Re: Augment revisited (was: NUN+Verb.Aorist)

Jonathan Robie (jwrobie@mindspring.com)
Wed, 30 Apr 1997 15:33:37 -0400

At 01:27 PM 4/30/97 -0400, Paul Zellmer wrote:

>Jonathan, your requests, questions and challenges are *always* friendly
>(something many of us, including yours truly, can learn.)

Thanks! I really appreciate your saying that.

>> 1. Do you mean to say that the augment itself signals past time? Are you
>> saying that the augment itself signals past time, or that the use of the
>> augment in a particular tense form signals past time, or that those tenses
>> which can use the augment are necessarily past-time tenses? For instance, is
>> there any difference in time between aorist verbs with the augment and
>> aorist verbs without the augment?
>>
>
>The historic position in linguistic terms is that the augment is a
>phoneme (the smallest particle of speech which carries meaning). In
>generative terms (which tries to reduce meanings to a binary-type
>coding), it indicates [+past.time]. It is found in the indicative only,
>and is attached to the aorist, imperfect, and pluperfect. I suppose the
>analysis which resulted in the assignment of this meaning to the
>augment, these are the three tenses which are in past time if unmodified
>in the indicative, the augment is found on them and only them, and it is
>not found in the non-indicative (where time is not defined). I guess if
>you could find one of these tenses in the without the augment, that case
>would not have the [+past.time] characteristic. {Do a search on the
>pluperfect; it may have the exception that would be a test case.
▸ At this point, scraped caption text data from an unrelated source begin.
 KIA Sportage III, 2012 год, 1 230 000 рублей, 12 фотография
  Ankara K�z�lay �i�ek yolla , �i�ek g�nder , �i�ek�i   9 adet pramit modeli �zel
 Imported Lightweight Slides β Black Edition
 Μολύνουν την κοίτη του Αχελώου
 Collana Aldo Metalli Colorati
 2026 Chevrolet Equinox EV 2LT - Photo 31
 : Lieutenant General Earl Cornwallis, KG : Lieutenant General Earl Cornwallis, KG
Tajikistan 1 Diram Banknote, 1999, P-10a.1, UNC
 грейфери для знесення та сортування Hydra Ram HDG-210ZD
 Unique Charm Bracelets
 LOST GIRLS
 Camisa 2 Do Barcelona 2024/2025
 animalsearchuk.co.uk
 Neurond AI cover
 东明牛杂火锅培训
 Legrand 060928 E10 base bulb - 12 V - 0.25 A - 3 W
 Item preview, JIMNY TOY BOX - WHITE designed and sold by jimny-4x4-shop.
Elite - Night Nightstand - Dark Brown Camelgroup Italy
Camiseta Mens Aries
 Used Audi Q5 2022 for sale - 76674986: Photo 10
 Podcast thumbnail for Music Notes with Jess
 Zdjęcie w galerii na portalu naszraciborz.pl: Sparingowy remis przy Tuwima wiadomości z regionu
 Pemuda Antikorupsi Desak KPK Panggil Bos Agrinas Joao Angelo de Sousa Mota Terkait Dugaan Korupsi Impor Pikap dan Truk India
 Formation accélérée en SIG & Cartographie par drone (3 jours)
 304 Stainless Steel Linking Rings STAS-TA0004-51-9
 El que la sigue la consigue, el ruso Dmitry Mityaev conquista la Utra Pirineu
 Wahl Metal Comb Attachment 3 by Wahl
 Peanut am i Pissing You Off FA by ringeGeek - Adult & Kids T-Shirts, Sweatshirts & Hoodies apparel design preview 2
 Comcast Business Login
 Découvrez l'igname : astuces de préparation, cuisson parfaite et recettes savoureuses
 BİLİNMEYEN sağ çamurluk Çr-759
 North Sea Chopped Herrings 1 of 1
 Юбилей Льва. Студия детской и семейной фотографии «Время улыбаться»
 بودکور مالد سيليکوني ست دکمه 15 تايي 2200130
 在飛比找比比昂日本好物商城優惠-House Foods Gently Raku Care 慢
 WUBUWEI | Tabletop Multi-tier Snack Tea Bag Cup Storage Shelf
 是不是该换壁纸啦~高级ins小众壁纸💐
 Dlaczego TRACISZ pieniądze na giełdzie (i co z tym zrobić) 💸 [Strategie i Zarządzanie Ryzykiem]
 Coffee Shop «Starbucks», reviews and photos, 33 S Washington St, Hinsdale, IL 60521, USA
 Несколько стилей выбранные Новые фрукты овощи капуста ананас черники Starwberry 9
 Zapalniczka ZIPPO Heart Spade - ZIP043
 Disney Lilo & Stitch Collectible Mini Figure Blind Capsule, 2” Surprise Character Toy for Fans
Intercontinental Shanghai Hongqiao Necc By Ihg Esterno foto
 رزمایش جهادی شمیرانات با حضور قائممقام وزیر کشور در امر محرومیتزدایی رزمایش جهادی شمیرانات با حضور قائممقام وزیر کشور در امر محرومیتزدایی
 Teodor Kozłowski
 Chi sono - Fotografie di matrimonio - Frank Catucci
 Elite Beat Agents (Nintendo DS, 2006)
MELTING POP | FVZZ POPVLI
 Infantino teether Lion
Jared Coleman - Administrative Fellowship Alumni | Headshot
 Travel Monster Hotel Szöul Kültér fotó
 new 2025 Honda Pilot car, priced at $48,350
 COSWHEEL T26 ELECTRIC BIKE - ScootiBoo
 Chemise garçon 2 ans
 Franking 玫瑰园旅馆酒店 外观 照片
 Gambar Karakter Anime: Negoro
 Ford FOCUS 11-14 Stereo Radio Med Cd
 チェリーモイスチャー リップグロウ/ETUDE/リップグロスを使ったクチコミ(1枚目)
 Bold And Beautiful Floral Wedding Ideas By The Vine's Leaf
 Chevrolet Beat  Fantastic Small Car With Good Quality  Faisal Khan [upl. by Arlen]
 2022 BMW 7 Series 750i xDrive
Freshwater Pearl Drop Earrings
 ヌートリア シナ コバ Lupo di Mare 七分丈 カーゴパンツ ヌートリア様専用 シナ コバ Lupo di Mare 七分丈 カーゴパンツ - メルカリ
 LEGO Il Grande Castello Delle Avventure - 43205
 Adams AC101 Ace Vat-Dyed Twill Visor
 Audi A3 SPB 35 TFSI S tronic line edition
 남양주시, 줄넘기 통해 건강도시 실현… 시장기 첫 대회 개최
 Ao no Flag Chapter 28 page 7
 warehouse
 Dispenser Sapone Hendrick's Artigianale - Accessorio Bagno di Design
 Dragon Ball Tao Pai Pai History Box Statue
I just
>haven't found an exception to answer your last question yet.}

But there *are* aorists which do not have the augment, and some forms which
are used with and without the augment. So far, I haven't heard anybody argue
that aorist forms without the augment do not have past time referent, but
aorist forms with the augment do. Do you know if anyone would argue this
position? Would you? (Please? Pretty please? It would be kind of fun! ;->)

>> 5. What are your criteria for determining whether the augment indicates past
>> time? What would someone have to show in order to prove your assertion
>> false? (This is the good old scientific doctrine of falsifiability - if I
>> don't know how to prove your statement false, you really haven't said much.)
>
>I have already stated that the augment is found only on those tenses
>which are past time in the indicative. This should give you a starting
>point for falsifiability. Find it on a form which is *not* past-time in
>the unmodified case, or find it unmodified in a case that is obviously
>not past-time. But, please note, even in the discussion of the gnomic
>aorist, the citations stated that the aorist described what happened in
>the past with the implication that it is a general truth.

Hmmmm...this still leaves you a lot less vulnerable than it leaves me!